И про то, как перстень влияет на носящего его, тоже вспомнил. И про то, что притягивает он разного рода неприятности…
Я бросил дикий взгляд на Оттомара, однако его и тараном не прошибешь, он лишь взглядом поторопил меня – не мешкай, мол, а то помогу.
В надежде я посмотрел на Гириоса, но тот лишь опустил взгляд, всем видом показывая, что на его столе лежат очень важные бумаги, которые необходимо просмотреть именно сейчас. Я затравленно оглянулся, ища глазами Лангедока.
Граф стоял сзади, бросая напряженный взгляд то на меня, то на начальника гарнизона, я даже успел заметить проступившую на его лбу испарину и гулявшие желваки.
 - Я не могу… - хрипло проблеял я.
Нависший надо мной Оттомар, сдвинул над переносицей густые заросли бровей, стрельнув металлом из-под грозного прищура глаз.
- Руку! – требовательно рявкнул он.
Я машинально дернул правой рукой на источник звука, чувствуя, как моя кисть угодила в смертельно-болевой захват стальной клешни.
В следующий миг я чуть не заорал от боли, когда душка-Оттомар решил просто сорвать с моего пальца перстень, приложив немного своей звериной силы матерого ветерана.
Я почувствовал, как напряглось его тело для следующего рывка, в который он наверняка вложит намного больше силы. А терять свой палец вот здесь и сейчас мне совершенно не хотелось…
Гнев, пополам со страхом накрыл меня горячей багровой волной. По-моему я тогда даже потерял способность здраво мыслить и вообще соображать….

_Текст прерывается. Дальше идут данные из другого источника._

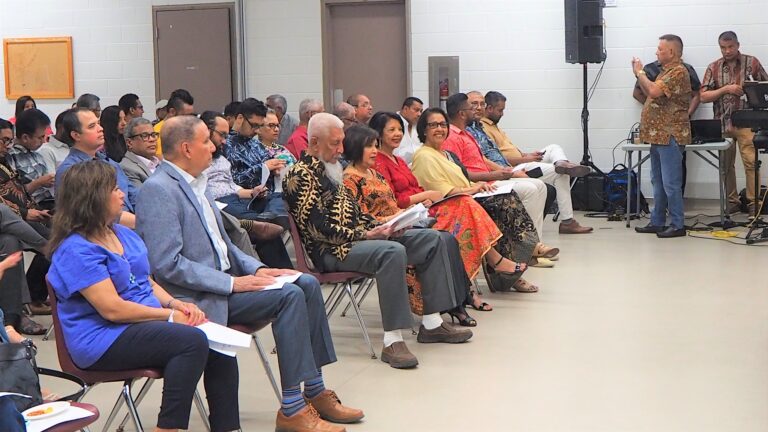 The Annual General Meeting of “SLAMAT” – Sri Lanka Malay Association of Toronto (Photos – Thanks to Noor Rahim)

Я что-то дико заверещал, левой рукой хватая склонившегося надо мной Оттомара за загривок и отшвыривая того в сторону. Я увидел неподдельное изумление в его расширившихся глазах, когда он пролетал мимо, но всё-таки он не отпустил мою десницу, а умудрился даже еще и дернуть, увлекая за собой.
Мы грохнулись по разные стороны от опрокинувшегося стула, задев сидящего слева Гримира.
Я тут же подскочил, ослепленный ужасом и гневом одновременно. Я уже не контролировал себя, будто одержимый демонами.
- Стойте! – Услышал я надрыв Лангедока и заметив рванувшуюся к нам тень.
Но было поздно, я уже не отдавал отчет в своих действиях, я сам с удивлением наблюдал за тем, что вытворяет моё тело. А я тем временем бросился на обалдевшего стражника, что всё еще держал перед собой раскрытый мешок с конфискатом. Я схватил его за грудки, рванул резко вниз, одновременно всаживая коленом в солнечное сплетение, развернулся навстречу второму – тот набегал с копьем наперевес.
Я пропустил свистнувший наконечник за спину, зажимая древко между рукой и левым боком и хватая ратника за шею. Однако тот показал, что не лыком шит и дважды коротко саданул мне с левой руки по ребрам. Я скрючился от боли, дергая копьё на себя и вниз, пытаясь одновременно пнуть противника по ноге.
Мы покатились по полу, вырывая друг у друга копье и друг друга же колошматя что есть силы. В какой-то момент мне удалось извернуться и пнуть противника в пах.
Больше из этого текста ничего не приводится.